Elkanah was as one in a maze. Going to his little room, he opened his mother's letter, half-dreading to find here a detailed repetition of what his heart had just taken in. But the letter was short.

"MY SON ELKANAH,—

"Do you not know that Captain Elijah Nickerson will never come home from the Banks, and that Hepsy Ann is left alone in the world?

"'For this cause shall a man leave his father and mother, and be joined to his wife, and they two shall be one flesh.'"

That was all.

Elkanah sat on his stool, before his easel, looking vacantly at the unfinished picture, as one stunned and breathless. For the purport of this message was not to be mistaken. Nor did his conscience leave him in doubt as to his duty, O God! was this, indeed, the end? Had he toiled, and hoped, and prayed, and lived the life of an anchorite these five years only for this? Was such faith, such devotion, so rewarded?

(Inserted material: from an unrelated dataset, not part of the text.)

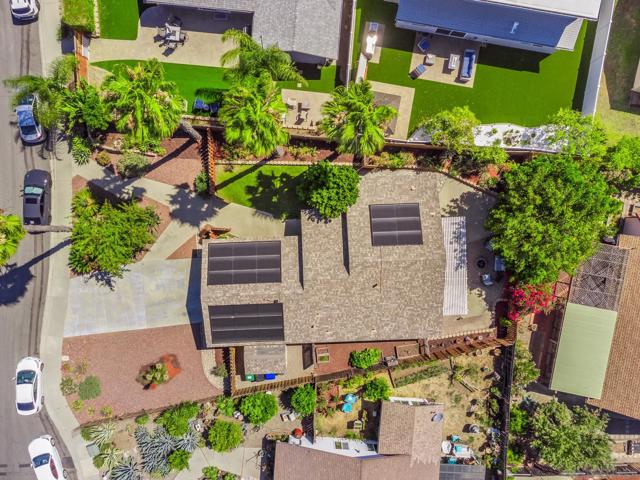 17162 Poblado Ct, San Diego CA: https://media.crmls.org/mediaz/942fc0b0-8cd7-4509-99f6-0d4345f5cafc.jpg
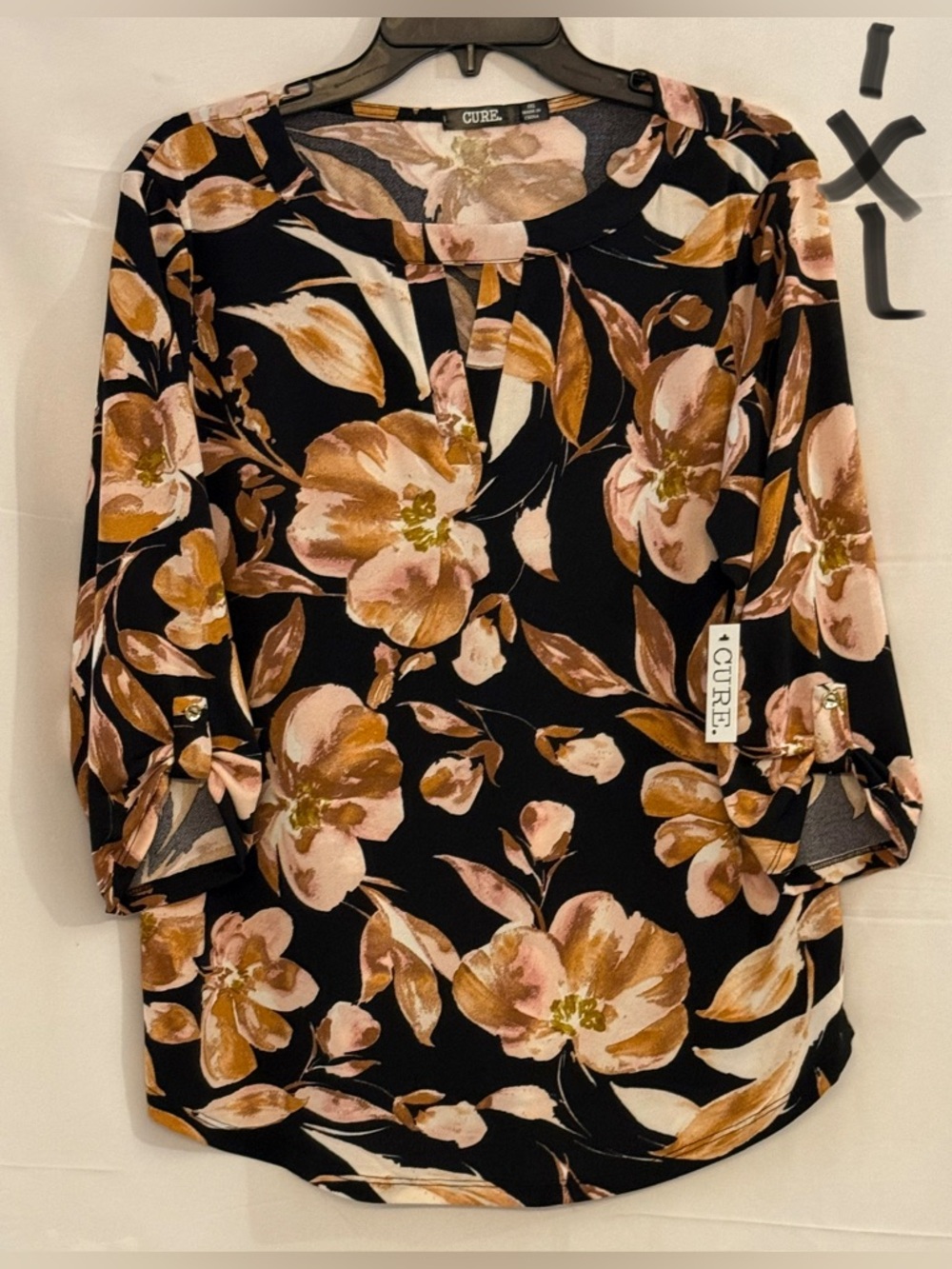 CURE Floral V-Neck 3/4 Sleeve Blouse in Black with Blush and Tan Flowers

But had any one the right to demand this sacrifice of him? Was it not a devilish temptation to take him from his calling, from that work in which God had evidently intended him to work for the world? Had he a right to spoil his life, to belittle his soul, for any consideration? If Hepsy Ann Nickerson had claims, had not he also, and his Art? If he were willing, in this dire extremity, to sacrifice his love, his prospects of married bliss, might he not justly require the same of her? Was not Art his mistress?—Thus whispered the insidious devil of Selfishness to this poor, tempted, anguished soul.

"Yea," whispered another still, small voice; "but is not Hepsy Ann your promised wife?" And those fatal words sounded in his heart: "For this cause shall a man leave his father and mother, and be joined to his wife."

"Lord, inspire me to do what is right!" prayed poor mazed Elkanah, sinking on his knees at his cot-side.

But presently, through his blinding tears, "Lord, give me strength to do the right!"

And then, when he awoke next morning, the world seemed another world to him. The foundations of his life seemed broken loose. Tears were no longer, nor prayers. But he went about slowly, and with loving hands, packing up his brushes, pallets, paints, easel,—all the few familiar objects of a life which was his no longer, and on which he seemed to himself already looking as across some vast gulf of years. At last all was done. A last look about the dismantled garret, so long his workshop, his home, where he had grown out of one life into another, and a better, as he thought,—out of a narrow circle into a broader. And then, away for the Cape. No farewells, no explanations to friends, nothing that should hold out to his sad soul any faintest hope of a return to this garret, this toil, which now seemed to him more heaven than ever before. Thus this Adam, left his paradise, clinging to his Eve.

It was the day before Thanksgiving when Elkanah arrived at home. Will any one blame him, if he felt little thankful? if the thought of the Thanksgiving turkey was like to choke him, and the very idea of giving thanks seemed to him a bitter satire? Poor fellow! he forgot that there were other hearts to whom Thanksgiving turkey seemed little tempting.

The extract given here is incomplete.